*Data supplied*
/---

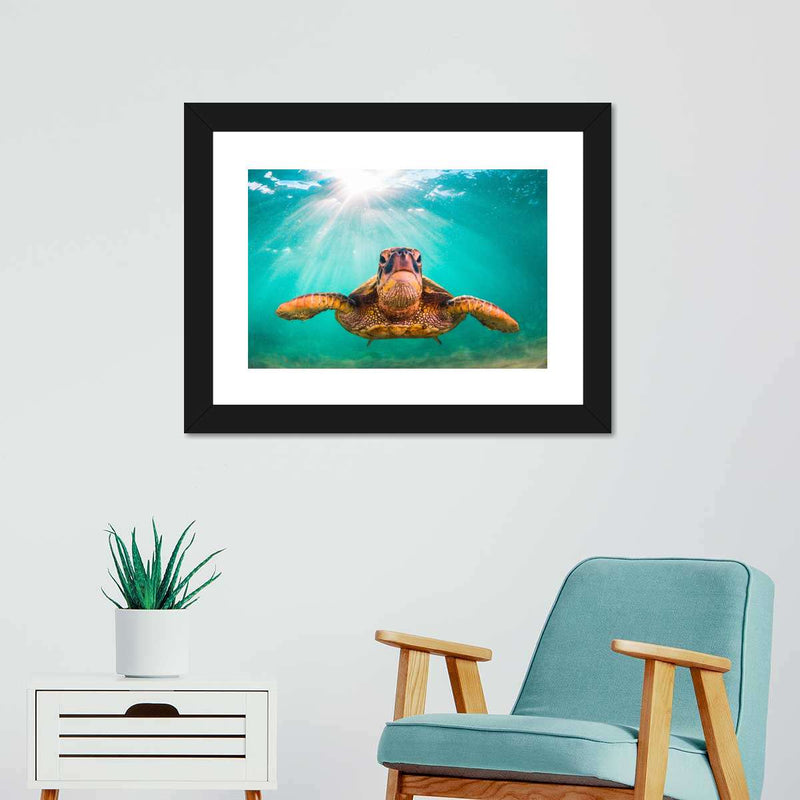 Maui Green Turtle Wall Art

\---
/---

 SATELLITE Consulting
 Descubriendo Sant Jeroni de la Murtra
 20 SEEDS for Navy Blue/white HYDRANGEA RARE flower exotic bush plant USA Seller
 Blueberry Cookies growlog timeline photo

\---

*Work task*
Each line above from the one with "SATELLITE Consulting" up to and including the one with "Blueberry Cookies growlog timeline photo" must be set down exactly, and no line outside that span may appear.

*Solved exercise*
 SATELLITE Consulting
 Descubriendo Sant Jeroni de la Murtra
 20 SEEDS for Navy Blue/white HYDRANGEA RARE flower exotic bush plant USA Seller
 Blueberry Cookies growlog timeline photo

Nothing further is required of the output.